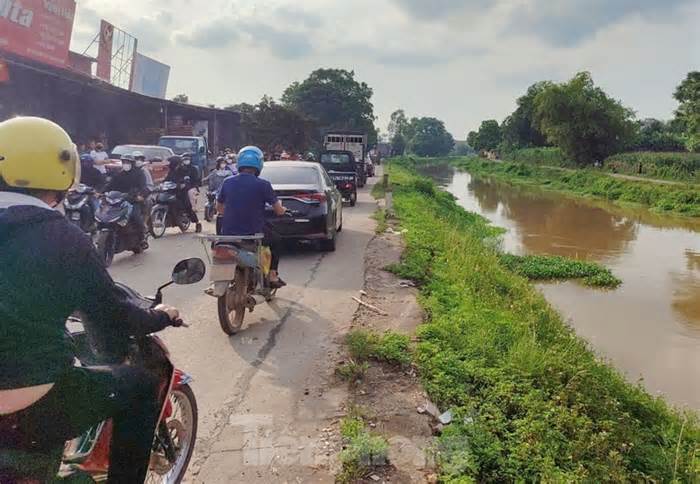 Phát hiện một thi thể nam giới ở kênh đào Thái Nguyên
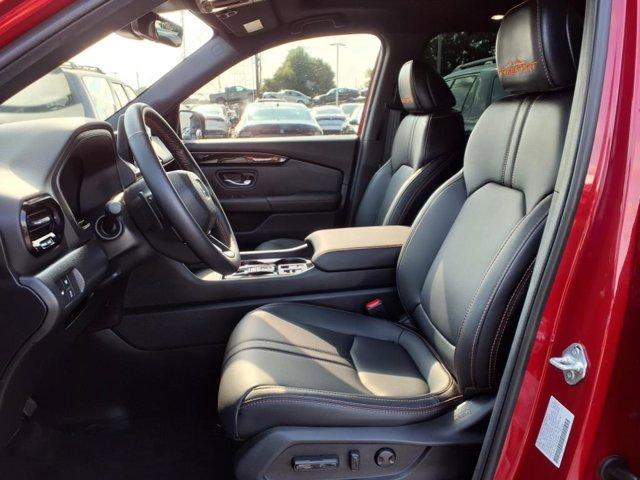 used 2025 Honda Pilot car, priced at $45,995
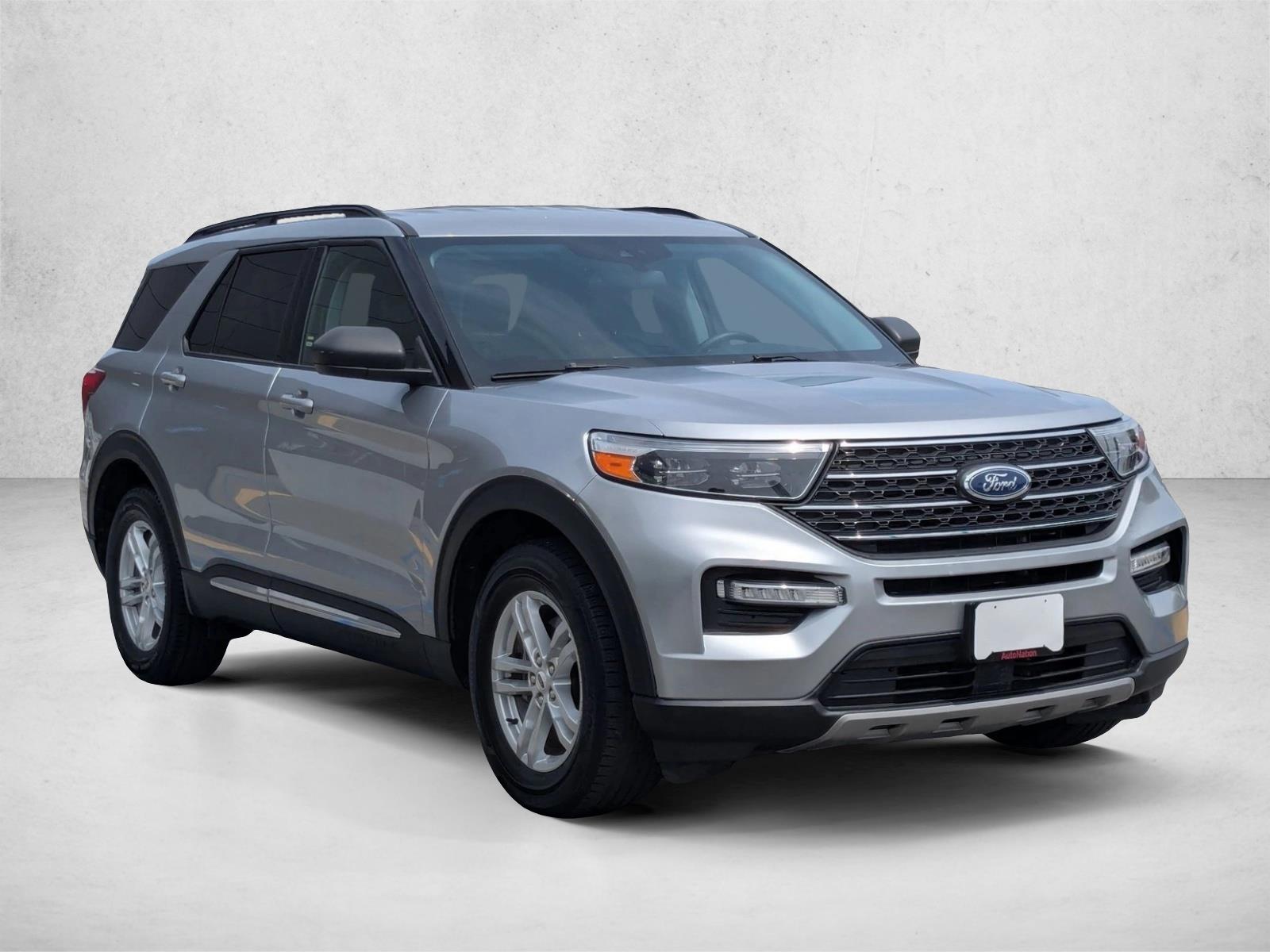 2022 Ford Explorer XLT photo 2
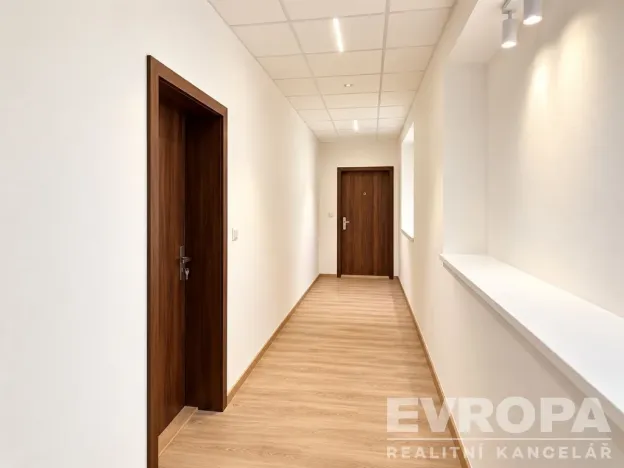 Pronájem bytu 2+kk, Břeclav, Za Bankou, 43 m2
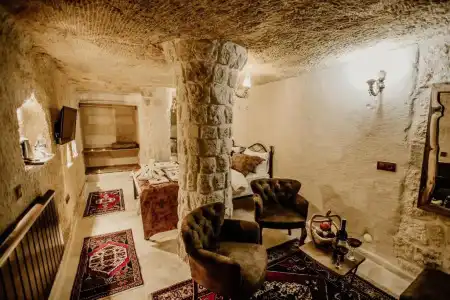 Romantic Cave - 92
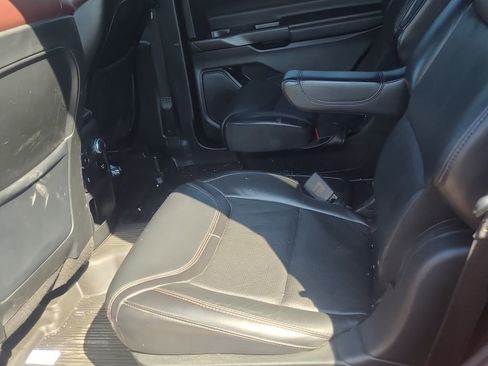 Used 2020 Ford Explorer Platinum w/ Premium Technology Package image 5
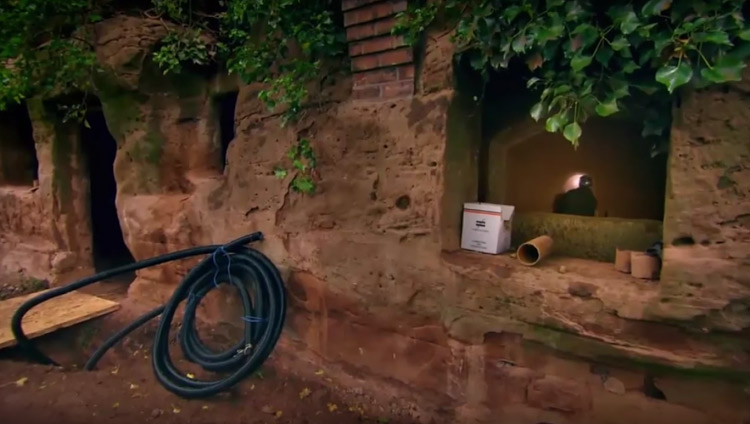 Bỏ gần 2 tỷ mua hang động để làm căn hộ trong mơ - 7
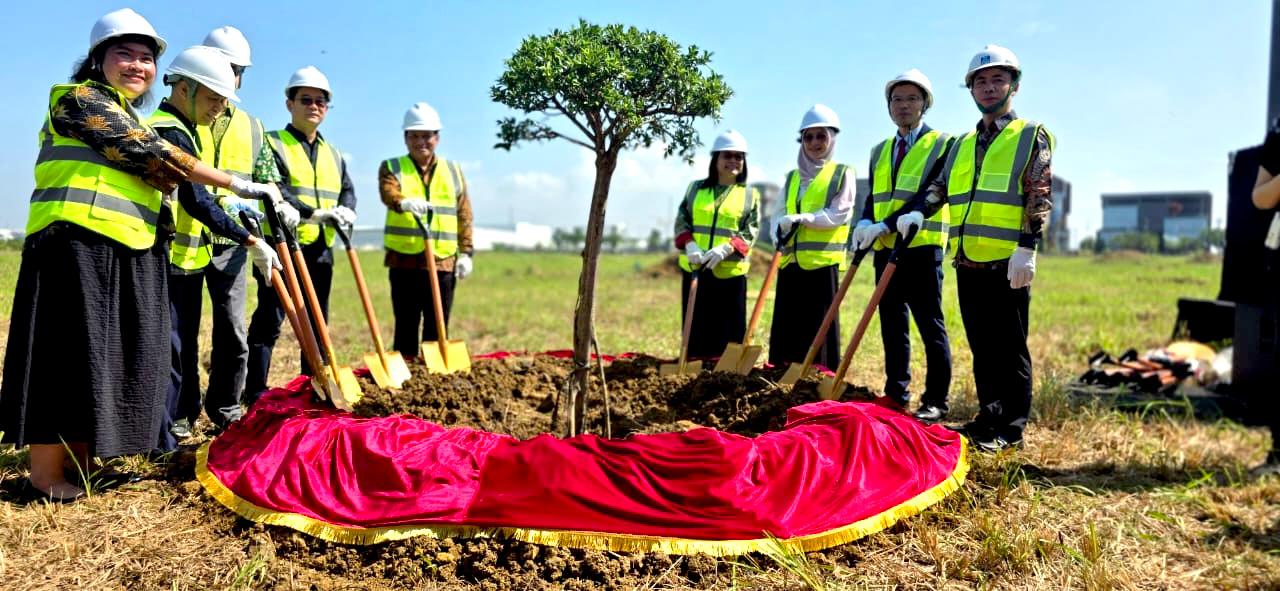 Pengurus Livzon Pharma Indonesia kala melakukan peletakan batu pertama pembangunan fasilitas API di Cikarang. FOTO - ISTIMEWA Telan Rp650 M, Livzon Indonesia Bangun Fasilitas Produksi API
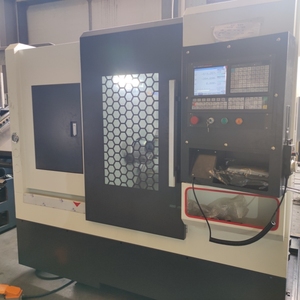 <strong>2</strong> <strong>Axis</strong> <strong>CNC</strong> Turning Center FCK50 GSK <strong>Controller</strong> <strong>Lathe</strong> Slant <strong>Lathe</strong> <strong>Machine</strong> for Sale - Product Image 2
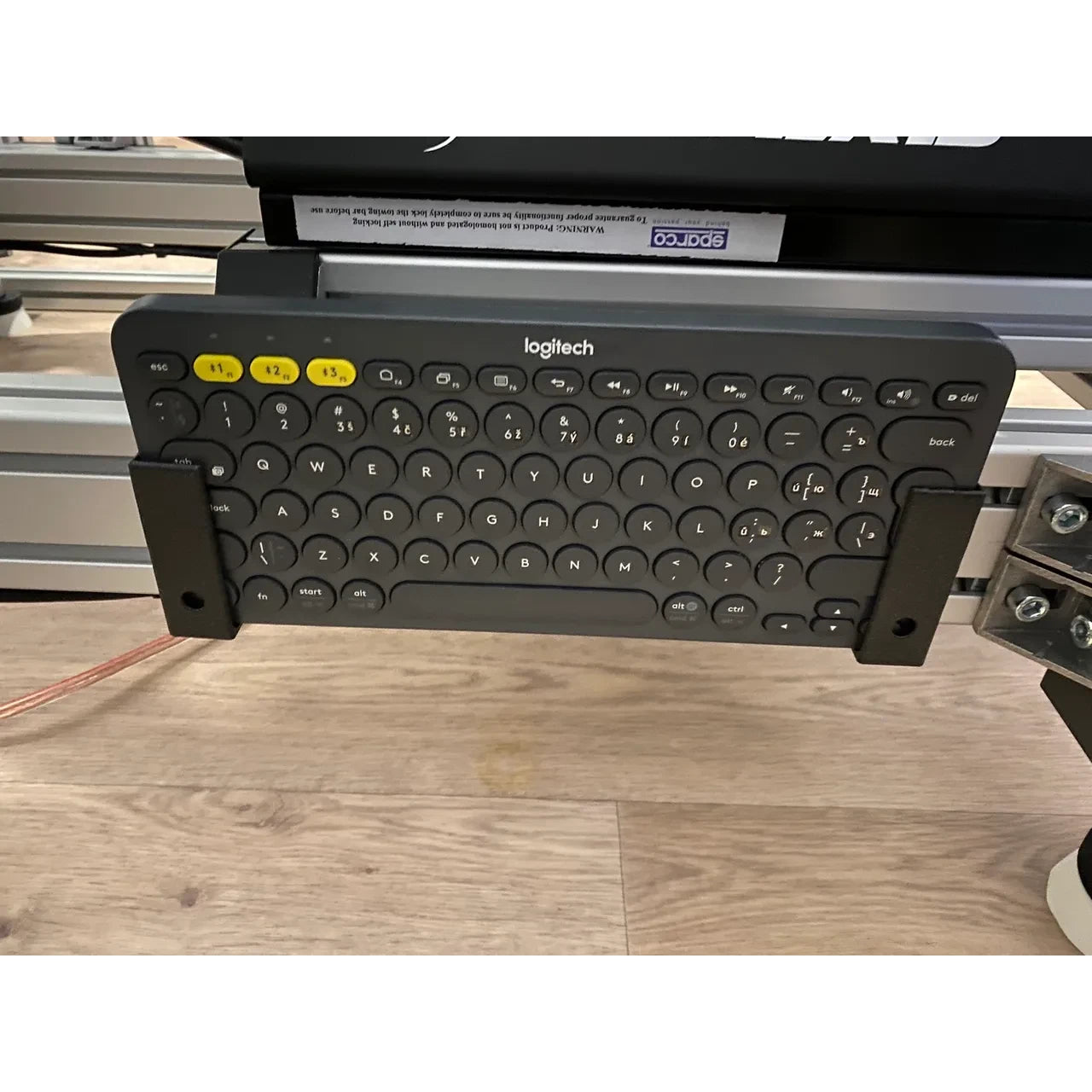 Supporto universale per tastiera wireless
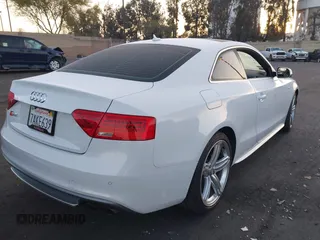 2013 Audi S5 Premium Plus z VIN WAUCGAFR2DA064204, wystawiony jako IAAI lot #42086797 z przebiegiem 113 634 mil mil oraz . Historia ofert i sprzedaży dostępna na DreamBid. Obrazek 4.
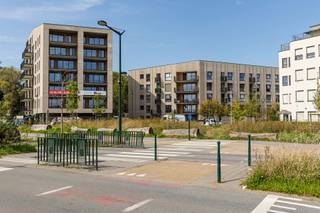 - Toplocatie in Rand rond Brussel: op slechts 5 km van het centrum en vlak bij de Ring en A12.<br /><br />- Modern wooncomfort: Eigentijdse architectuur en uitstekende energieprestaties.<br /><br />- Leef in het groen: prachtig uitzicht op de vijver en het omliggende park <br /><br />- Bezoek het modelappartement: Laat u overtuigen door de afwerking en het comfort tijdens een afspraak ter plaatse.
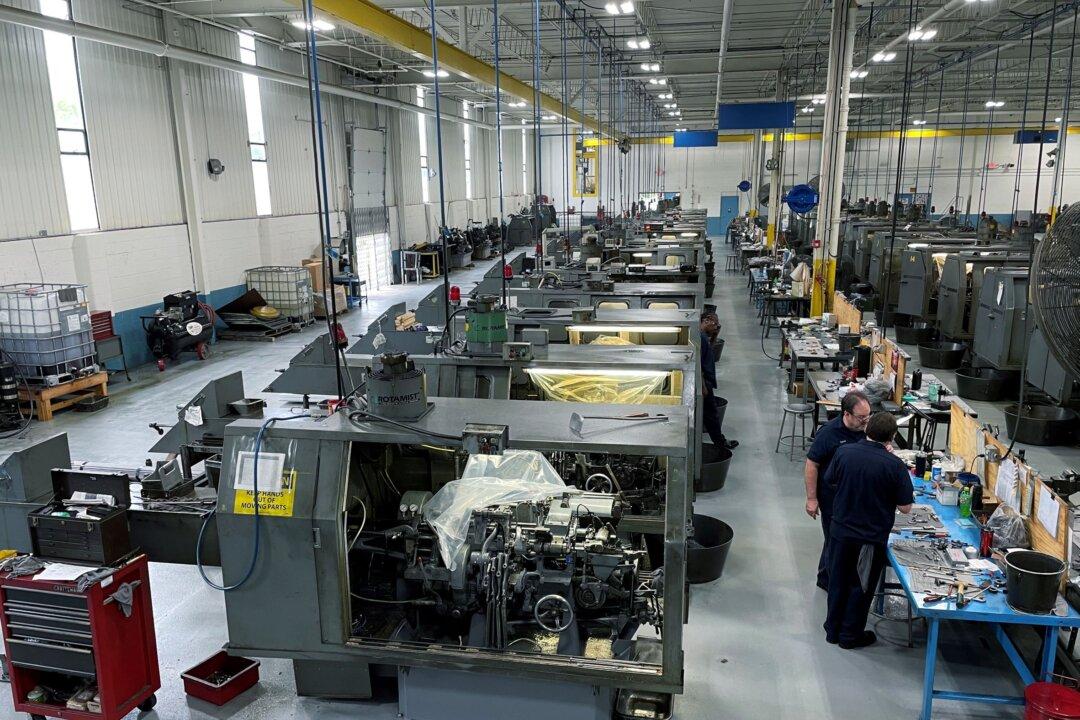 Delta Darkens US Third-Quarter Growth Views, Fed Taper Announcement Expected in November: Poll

_ _ _ _ _

Replicate the material above verbatim; images stay out of the copy.

 Phát hiện một thi thể nam giới ở kênh đào Thái Nguyên
 used 2025 Honda Pilot car, priced at $45,995
 2022 Ford Explorer XLT photo 2
 Pronájem bytu 2+kk, Břeclav, Za Bankou, 43 m2
 Romantic Cave - 92
 Used 2020 Ford Explorer Platinum w/ Premium Technology Package image 5
 Bỏ gần 2 tỷ mua hang động để làm căn hộ trong mơ - 7
 Pengurus Livzon Pharma Indonesia kala melakukan peletakan batu pertama pembangunan fasilitas API di Cikarang. FOTO - ISTIMEWA Telan Rp650 M, Livzon Indonesia Bangun Fasilitas Produksi API
 <strong>2</strong> <strong>Axis</strong> <strong>CNC</strong> Turning Center FCK50 GSK <strong>Controller</strong> <strong>Lathe</strong> Slant <strong>Lathe</strong> <strong>Machine</strong> for Sale - Product Image 2
 Supporto universale per tastiera wireless
 2013 Audi S5 Premium Plus z VIN WAUCGAFR2DA064204, wystawiony jako IAAI lot #42086797 z przebiegiem 113 634 mil mil oraz . Historia ofert i sprzedaży dostępna na DreamBid. Obrazek 4.
 - Toplocatie in Rand rond Brussel: op slechts 5 km van het centrum en vlak bij de Ring en A12.<br /><br />- Modern wooncomfort: Eigentijdse architectuur en uitstekende energieprestaties.<br /><br />- Leef in het groen: prachtig uitzicht op de vijver en het omliggende park <br /><br />- Bezoek het modelappartement: Laat u overtuigen door de afwerking en het comfort tijdens een afspraak ter plaatse.
 Delta Darkens US Third-Quarter Growth Views, Fed Taper Announcement Expected in November: Poll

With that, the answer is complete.